▶ **Brief**
The material below holds pictures; leave them out and reproduce exactly the lines from the one with "How to Make" through the one with "Renault Captur 0.9TCE", inclusive.

▶ **Data records**
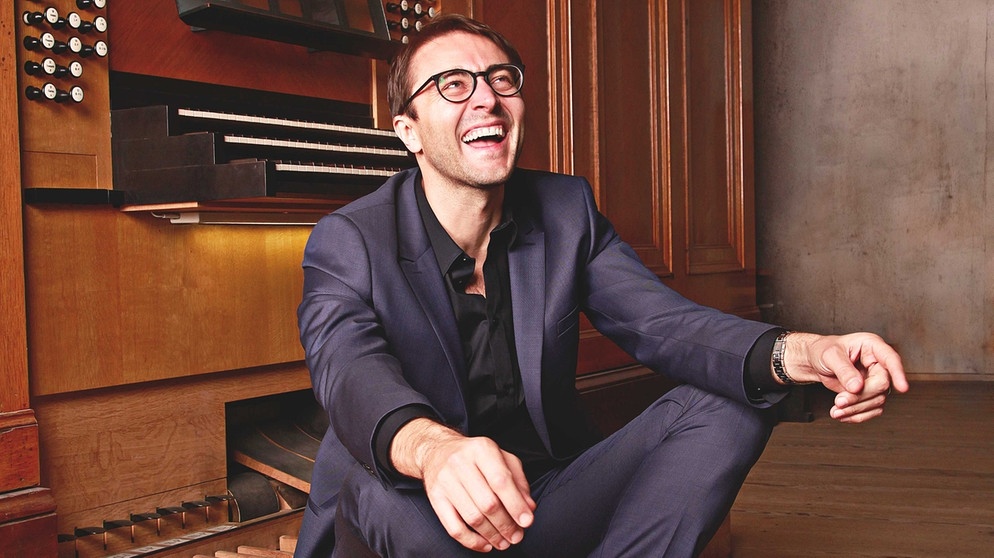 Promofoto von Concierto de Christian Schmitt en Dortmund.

---

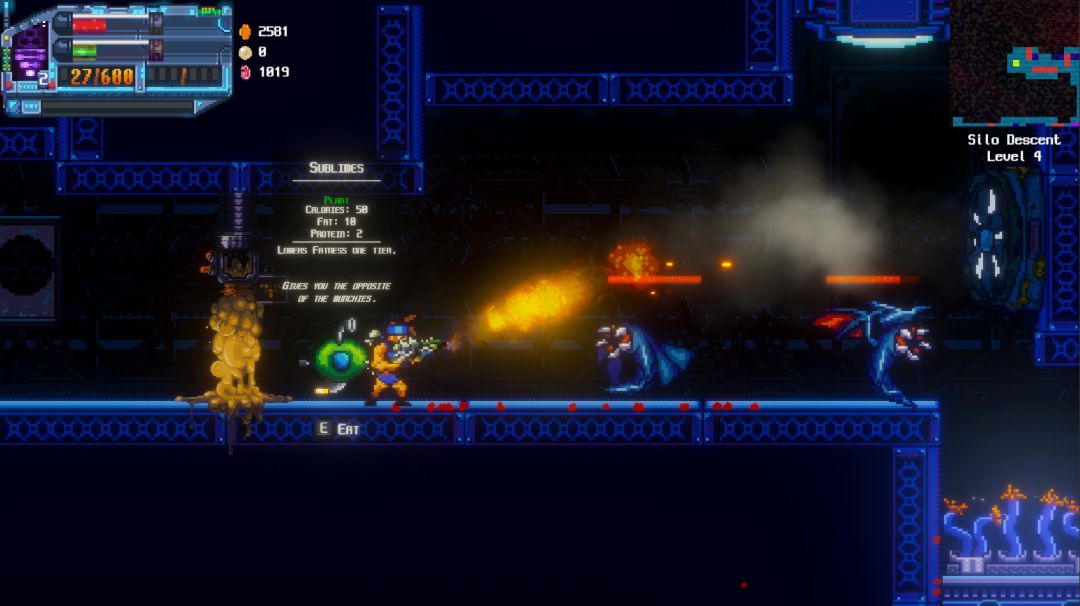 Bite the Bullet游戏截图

--

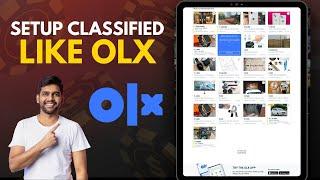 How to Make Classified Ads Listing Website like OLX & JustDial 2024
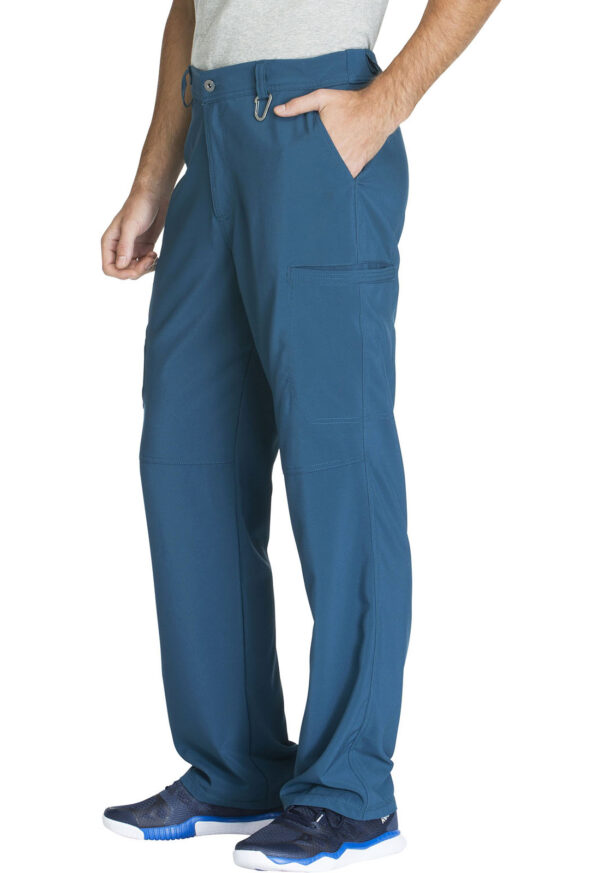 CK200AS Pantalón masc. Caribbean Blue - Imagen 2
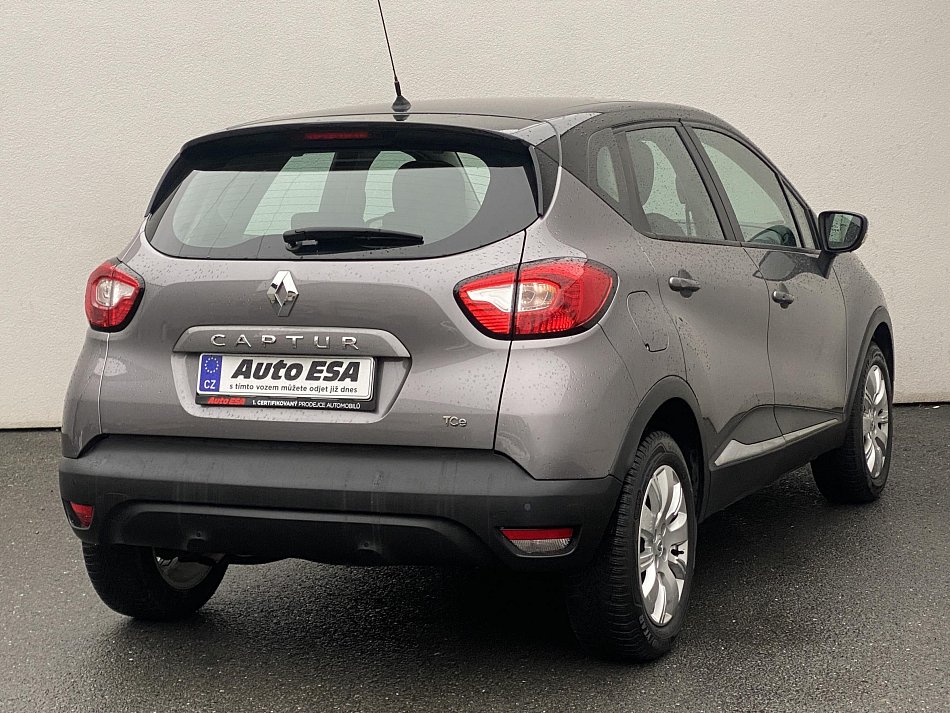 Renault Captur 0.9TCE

▶ **Answer box**
 How to Make Classified Ads Listing Website like OLX & JustDial 2024
 CK200AS Pantalón masc. Caribbean Blue - Imagen 2
 Renault Captur 0.9TCE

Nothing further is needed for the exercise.